==== Data extract
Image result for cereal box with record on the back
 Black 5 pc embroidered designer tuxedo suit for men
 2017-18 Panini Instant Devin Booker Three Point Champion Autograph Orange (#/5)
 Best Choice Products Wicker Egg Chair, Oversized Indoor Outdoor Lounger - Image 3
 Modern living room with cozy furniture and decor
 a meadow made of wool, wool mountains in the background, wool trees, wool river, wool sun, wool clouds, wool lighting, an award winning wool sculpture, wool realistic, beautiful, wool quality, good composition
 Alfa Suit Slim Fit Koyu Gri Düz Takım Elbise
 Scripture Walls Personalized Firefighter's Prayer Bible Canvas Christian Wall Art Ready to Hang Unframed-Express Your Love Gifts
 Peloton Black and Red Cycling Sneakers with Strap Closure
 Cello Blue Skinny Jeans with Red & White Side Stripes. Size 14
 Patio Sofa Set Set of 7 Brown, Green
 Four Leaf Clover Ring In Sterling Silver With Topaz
========
● **Problem to work on**
Find the word "Black" in the records. Copy every line it appears in.

● **Completed task**
 Black 5 pc embroidered designer tuxedo suit for men
 Peloton Black and Red Cycling Sneakers with Strap Closure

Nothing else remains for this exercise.